Ok… so you got your John Muir Trail permit, planned your resupply points, and got your gear lined up. Congrats! You’re almost ready for the best backpacking trip of your life. But don’t lace up those boots just yet… you still have a few more logistics to take care of, one of which is your John Muir Trail transportation plan.
John Muir Trail transportation is pretty simple if you have two cars and two people to drive. Simply drop one car off at one end, drive the other up to your permitted trailhead, and after your hike run a shuttle back up to your starting point.
But what if you are going solo, don’t have two cars, or are flying in from somewhere far away? Then you’ll want to take public transportation to the John Muir Trail, and you have 3 major decisions to make:
- What direction to hike
- What airport to fly into
- How to get to & from your John Muir trailhead
Table of Contents
In my John Muir Trail Transportation Guide, you’ll find all of the information you need to plan your public transportation logistics for your John Muir Trail hike.
And as it goes in all of the destinations we share, please practice good trail etiquette and remember to Leave No Trace. This means packing out all of your garbage, being respectful to others on busy trails, and following the established rules.

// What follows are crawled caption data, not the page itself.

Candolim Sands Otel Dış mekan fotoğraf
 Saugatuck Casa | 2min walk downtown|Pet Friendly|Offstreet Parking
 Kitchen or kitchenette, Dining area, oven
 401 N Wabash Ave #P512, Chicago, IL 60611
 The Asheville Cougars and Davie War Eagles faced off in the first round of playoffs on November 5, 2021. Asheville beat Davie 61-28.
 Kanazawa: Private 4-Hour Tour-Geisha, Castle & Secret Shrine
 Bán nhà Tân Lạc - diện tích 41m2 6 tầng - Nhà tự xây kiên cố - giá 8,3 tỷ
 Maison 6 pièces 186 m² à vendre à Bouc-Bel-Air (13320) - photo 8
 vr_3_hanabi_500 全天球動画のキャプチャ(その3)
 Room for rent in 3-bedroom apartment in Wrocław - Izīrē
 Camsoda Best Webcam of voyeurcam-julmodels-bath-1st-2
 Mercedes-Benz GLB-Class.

Step 1: What Direction to Hike the John Muir Trail
The 212-mile John Muir Trail runs from Yosemite to the Whitney Portal trailhead just south of the 14,505’ Mt. Whitney. The most popular direction for John Muir Trail hikers is North to South because you are able to adjust to the altitude more gradually (the passes and peaks get taller as you move south towards Mt. Whitney).
If the acclimatizing advantages don’t sell you on a North to South JMT hike, public transit and parking are also easier in Yosemite, and you also have the opportunity to explore the park before and after the hike if you have extra time.
On the other hand, southbound John Muir Trail permits are becoming harder to come by, so many people are opting for a northbound John Muir hike departing from Horseshoe Meadow, just south of Whitney. Horseshoe Meadow is not accessible by public transportation, but I have heard about a private shuttle from Lone Pine to Horseshoe Meadow run by Kurt Power. I haven’t used him myself, so I can’t speak to the experience, but his contact info is 760-876-4811 or LonePineKurt@aol.com.
Step 2: Decide What Airport to Fly Into
If you don’t live out west and you plan on flying into California to start your hike, the easiest airport to fly into is the Mammoth airport. Conveniently situated on the eastern side of the Sierras between Yosemite and Mt. Whitney on Highway 395, there is frequent public transportation that you can use to get to and from the JMT. What’s more, Alaska Airlines and United serve this airport, so you can pretty much get to Mammoth no matter where you are coming from. The only downside to Mammoth is that fares can be a bit more expensive than larger airports, but you’ll make up for it in convenience.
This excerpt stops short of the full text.